Commanders, the next Battle Pass season awaits you on March 4th with new rewards!
Main rewards of the season
Viper No.3 (BR II, USA)
A compact experimental British submachine gun chambered for the 9x19mm Parabellum, using MP 40 magazines. Originally developed as a personal defense weapon for the military police, presumably for motorcyclists who only had one free hand.
In the Elite Battle Pass, you will also find a unique IL-2M type 3 and a unique camouflage for the Ha-Go.
IL-2M type 3 “Red 28” (USSR)
Ha-Go - “205” Imperial Navy Marine corps
In this Battle Pass, you will receive an aircraft that can be assigned to its respective Attacker pilot squad and a camouflage that you can apply through the “Customization” menu of the respective tank.
And of course unique soldiers for Japan and Germany:
Masashi Ito - Machine Gunner II (Japan)
Friedrich Lengfeld - Rifleman III (Germany) - requires Elite BP
As a reminder, Elite BP owners receive four unique weapons, two unique soldiers, one unique tank camouflage and one aircraft with unique camouflage by progressing in the Battle Pass. Meanwhile, players with basic BP receive one weapon and one unique soldier of the season.
I mean, cool skin and all and I’ll be happy to get it, but last battle pass had two soviet vehicles, did we need another soviet one instead of a new western Allied or Euro Axis vehicle?
The gun’s stats look fairly strong, seems like a PPS 43 for the Western Allies but with high dispersion. I guess it’ll play like the BP soviet SMG, good up close but bad at range.
During the bloody battle for Hurtgen Forest in late 1944, a 23-year-old German lieutenant heard a wounded American soldier crying for help in a minefield. Lt. Friedrich Lengfeld ordered his men not to shoot any American medics who might try to rescue the man. When no help came after hours of listening to the man’s cries, Lengfeld led his own medics into the minefield to save him. The decision would lead to Lengfeld’s death. The American soldier’s identity remains unknown. Fifty years later, American veterans erected what may be the only U.S. monument honoring a German soldier from World War II.

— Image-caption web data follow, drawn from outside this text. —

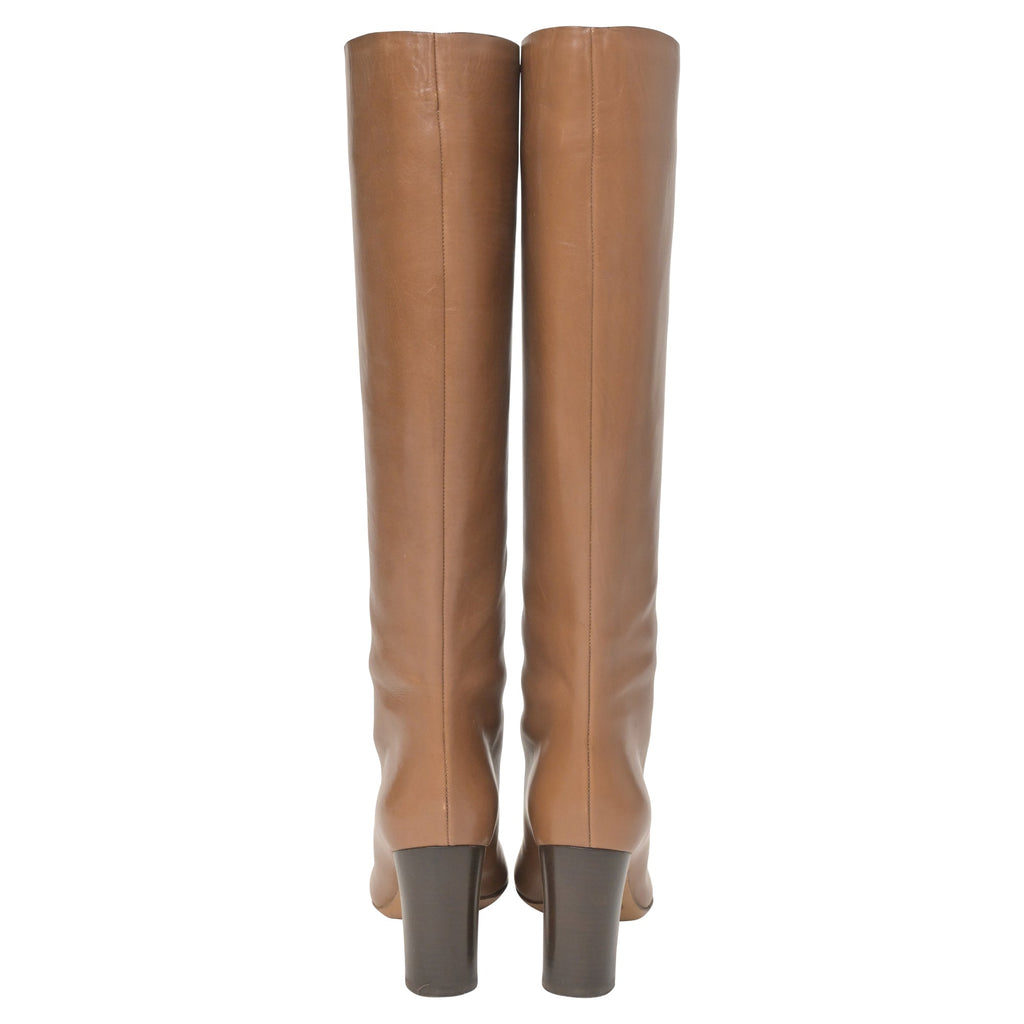 Chloe Knee Boots in Brown Leather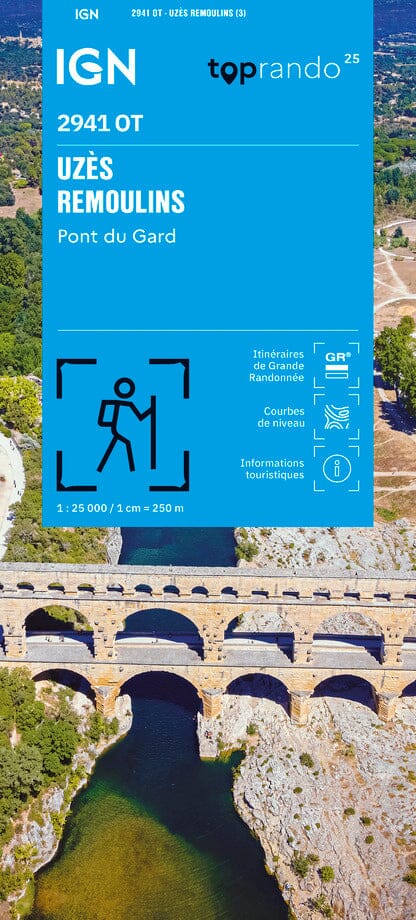 Carte TOP 25 n° 2941 OT - Uzès, Remoulins, Pont du Gard | IGN carte de randonnée IGN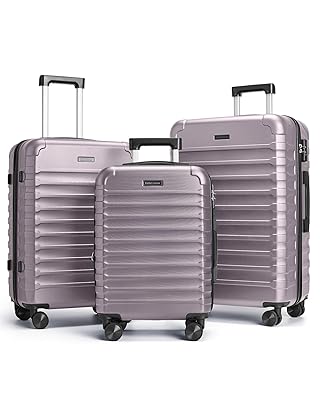 LIGHT FLIGHT Luggage Sets, 3 Piece Durable Suitcase Set with Spinner Wheels, 3 Pcs Hardside Lightweight luggage with TSA Lock, Large Checked Travel Suitcases, 20/24/28 Inch,Mint Green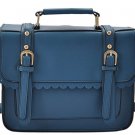 Blue Satchel Fashion Handbag Scallop and Buckle Detail Double Fronted Design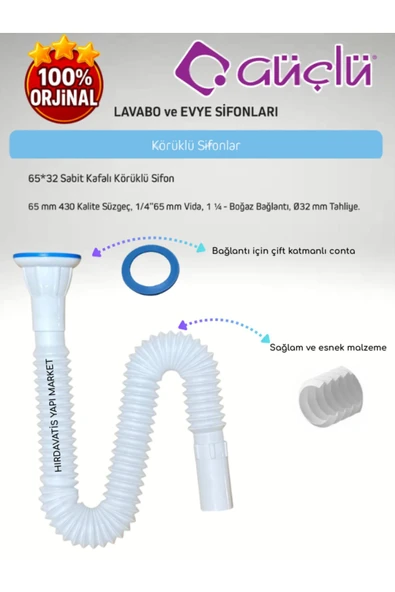 GÜÇLÜ Sabit Kafalı Körüklü Lavabo ve Evye Sifonu Meram Q32 - 3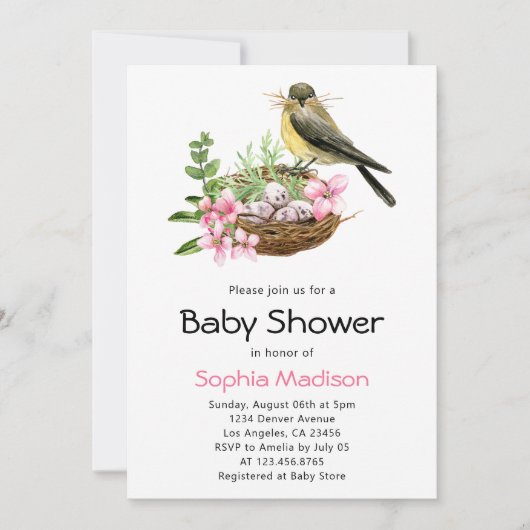 Floral Bird's Nest Baby Shower Einladung (Vorderseite)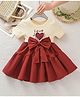 Mark & Mia Half Sleeves Frock with Bow Applique Heart Embroidery & Pearl Detailing - Brown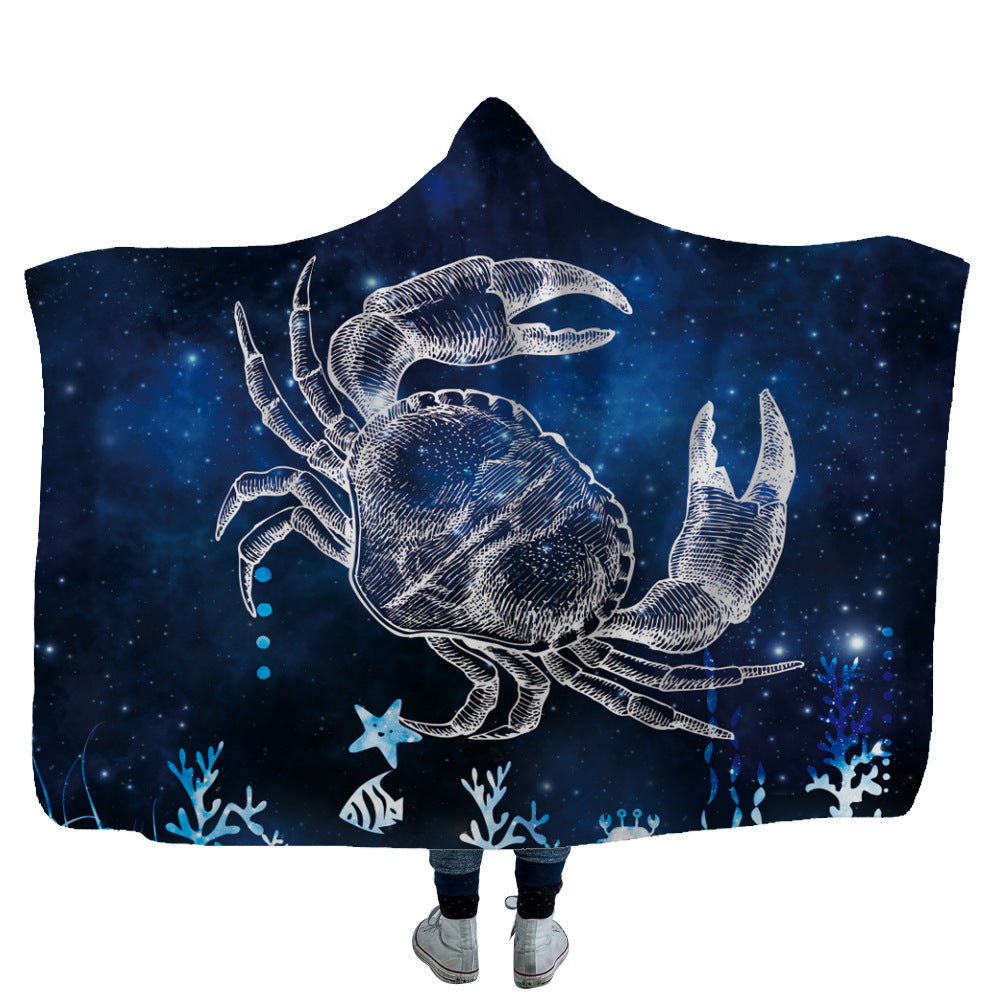 HKM-753619 Cozy Shark, Tortoise, and Crab Hooded Blanket for Kids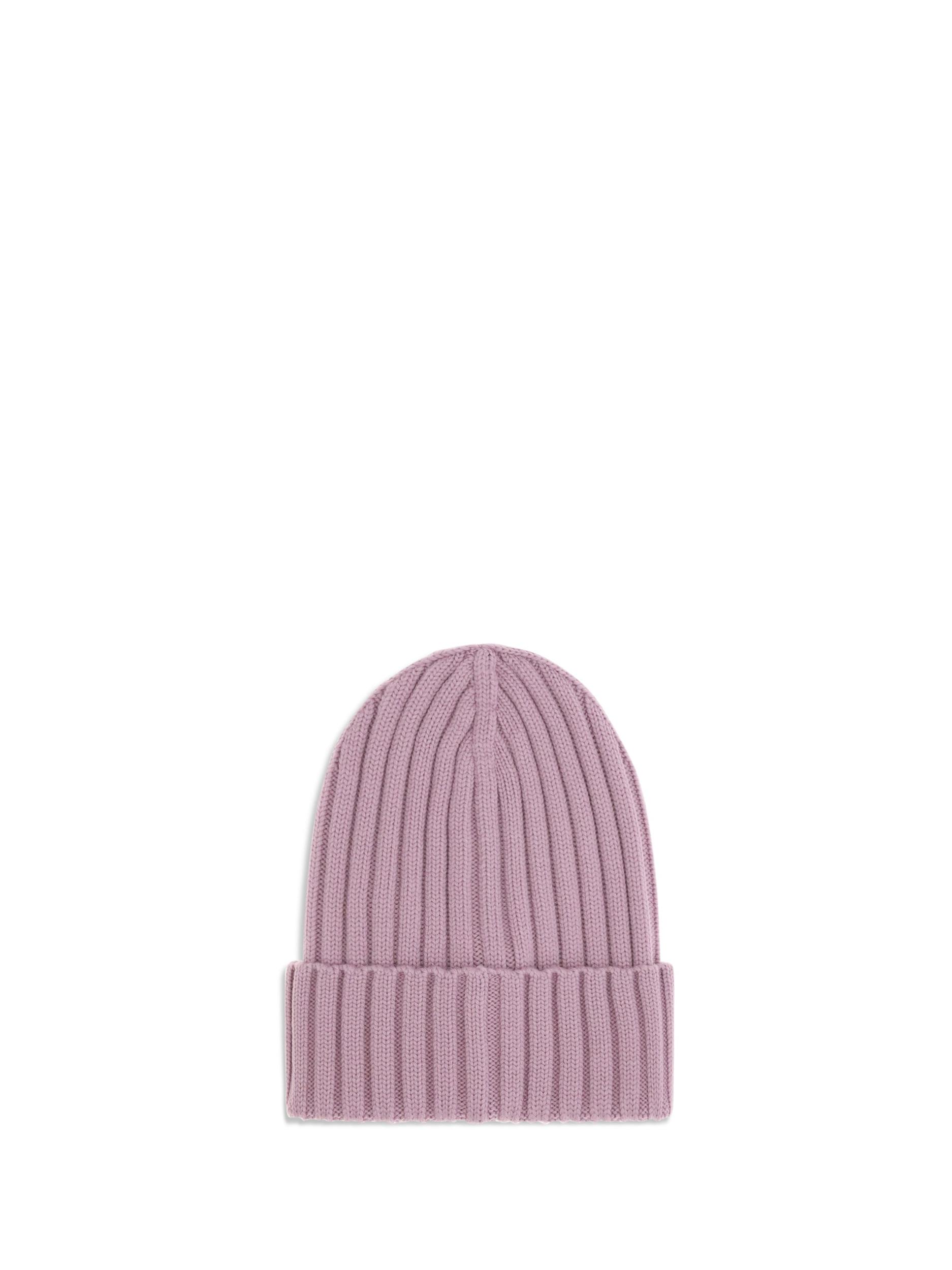 MONCLER Logo Patch Rib Wool Beanie In Purple Product Image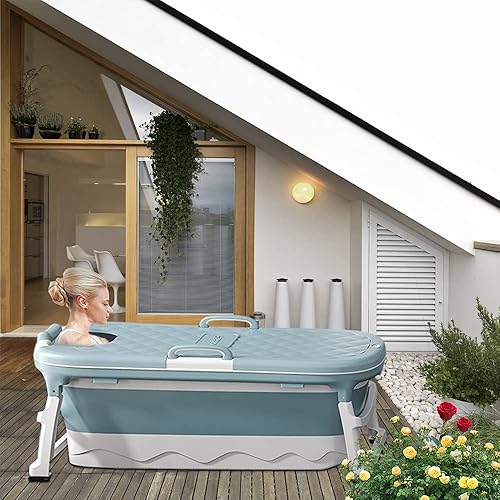 Miniatura 1 de Bounabay Bañeras independientes extra grandes de 54 pulgadas, bañera plegable portátil para la familia al aire libre, bañera para un mantenimiento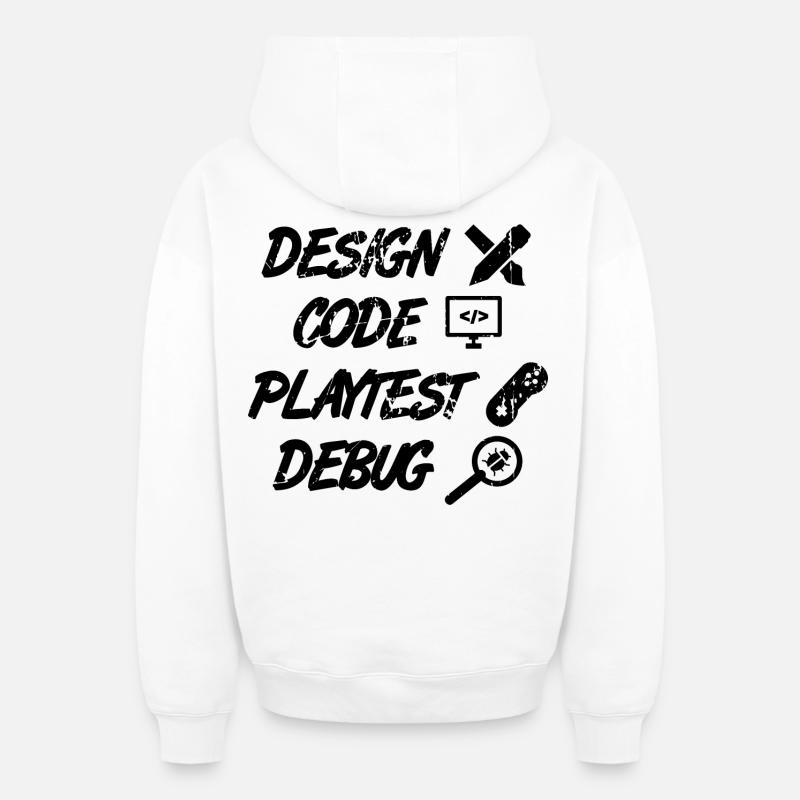 Design Code Playtest Debug - Oversized Heavyweight Unisex Zip Hoodie - white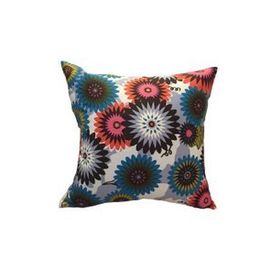 Finezza 45x45 cm Geometrik Çiçek Baskılı Duck Pamuk Kumaş Krem Kırlent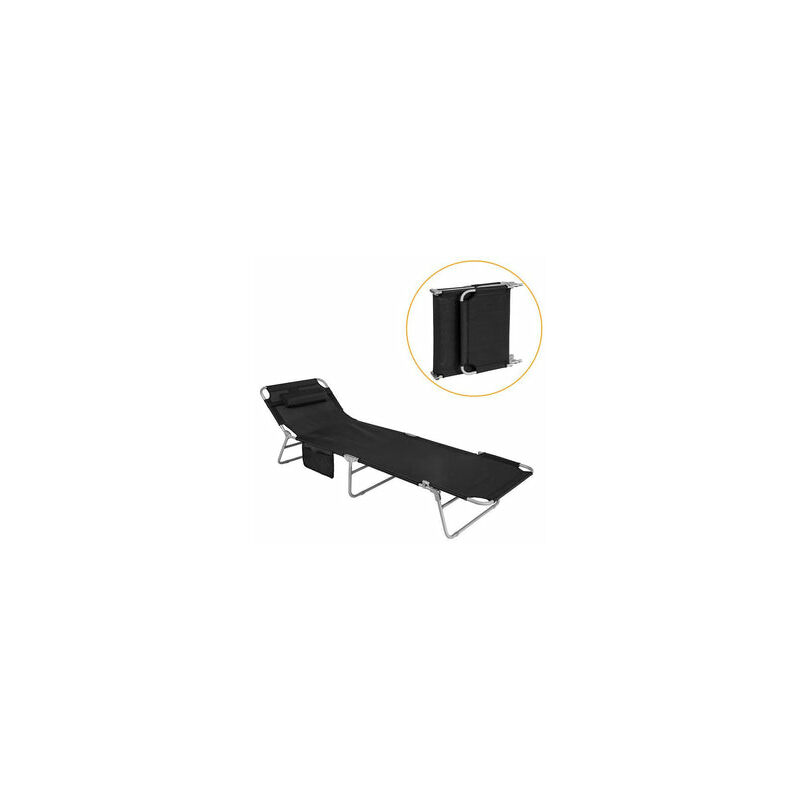 

® Tumbona inclinable de acero color negro plegable con almohada playa piscina Jardín mecedora,OGS35-SCH,ES - Sobuy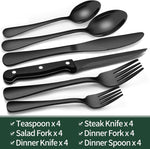 Elegant 24-piece Black Cutlery Set – Stainless Steel & Dishwasher Safe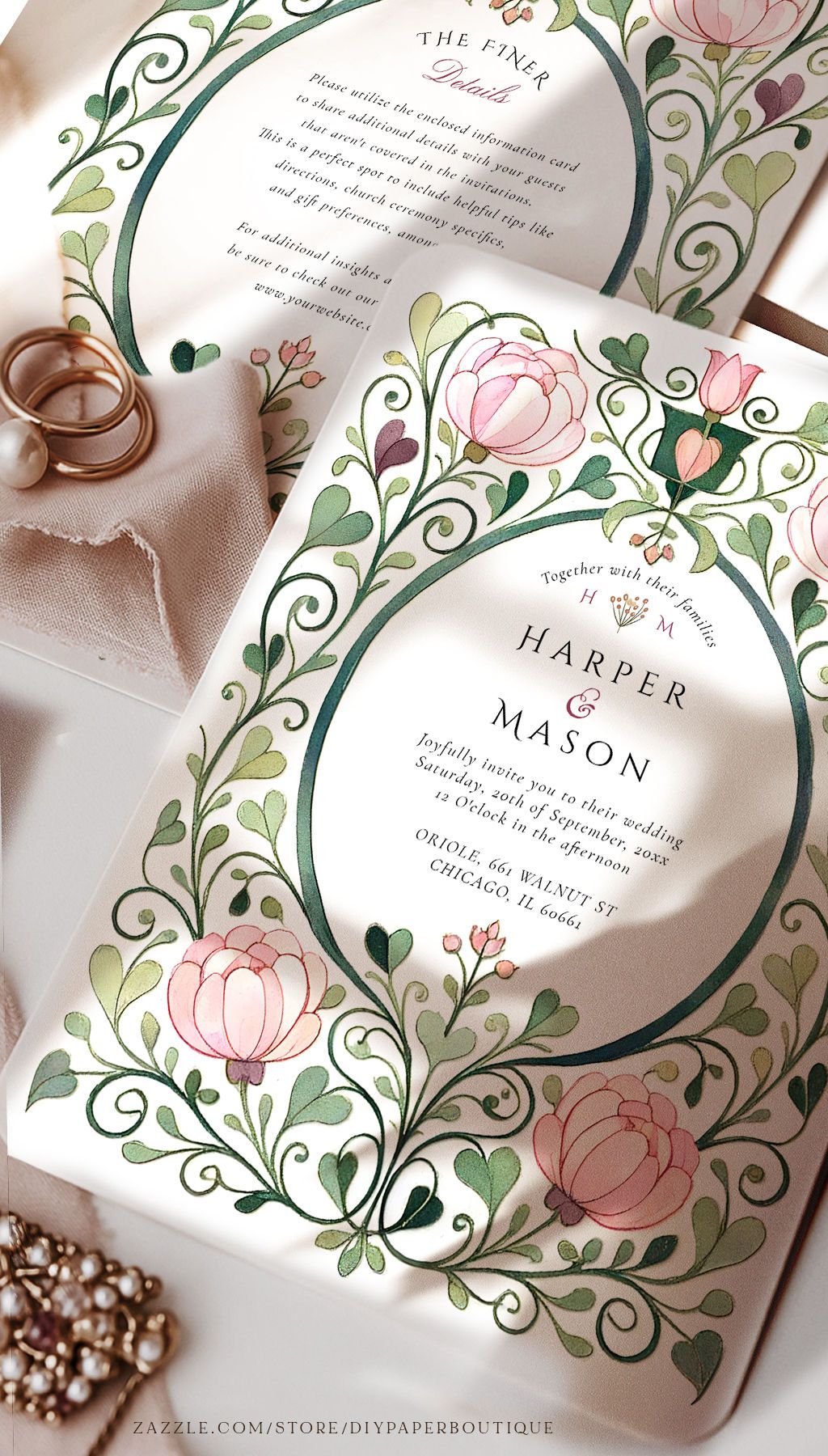 Dreamy Pink Peony Wedding Invitations | Romantic Florals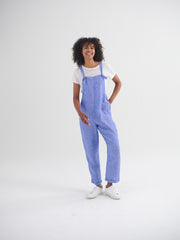 Carrie linen dungaree - Bright Blue | NRBY Clothing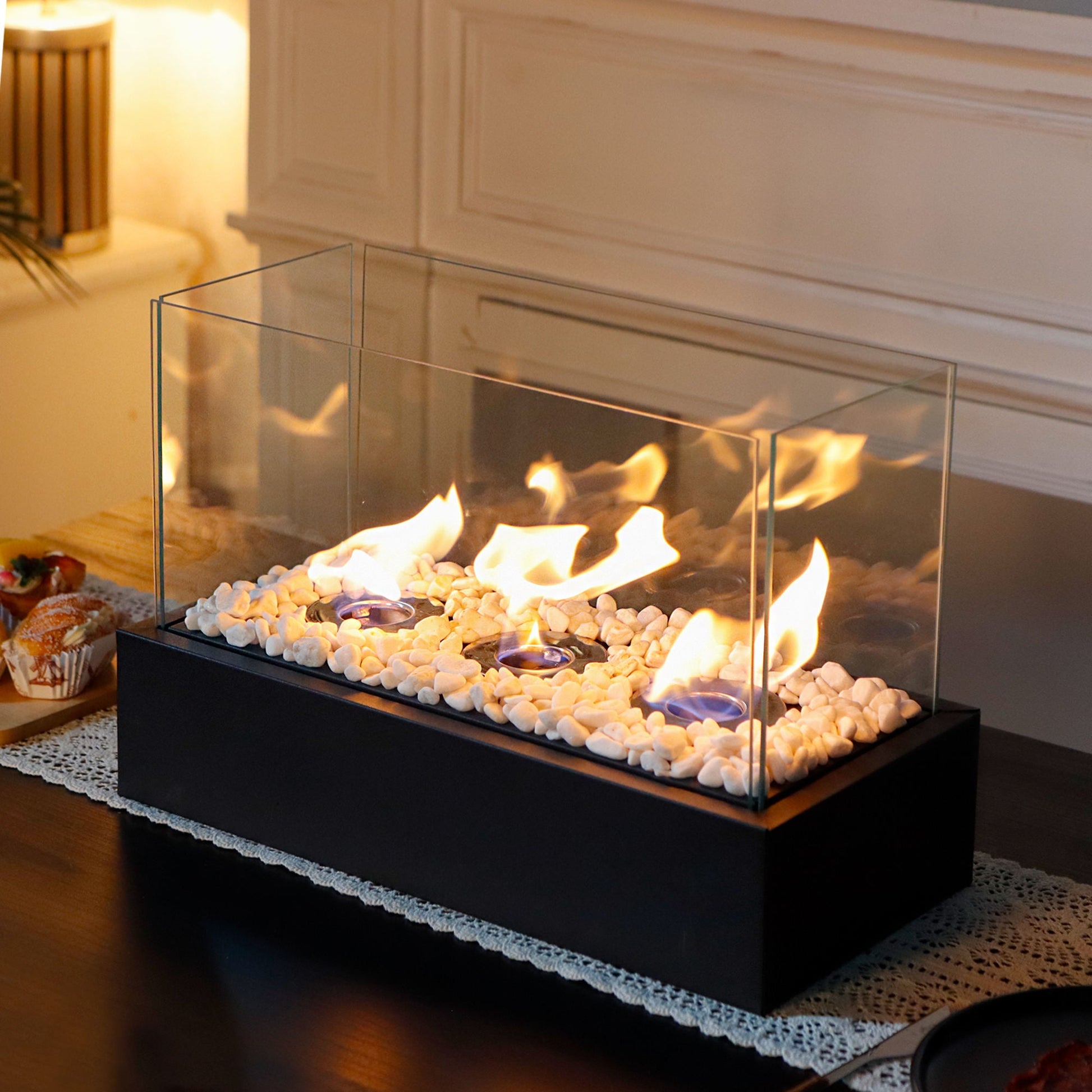 Rectangular three hole alcohol fireplace desktop home real fire heating alcohol lamp outdoor portable stove - Korvel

“You can’t go to any greater extreme than to give your life trying to rescue someone you are fighting as your enemy in war.”
Masashi Itō
Masashi Itō (1921–2004) was a sergeant in the Imperial Japanese Army during World War II, recognized as one of the last Japanese “resisters” to surrender, remaining on the island of Guam for almost 16 years after the end of the conflict.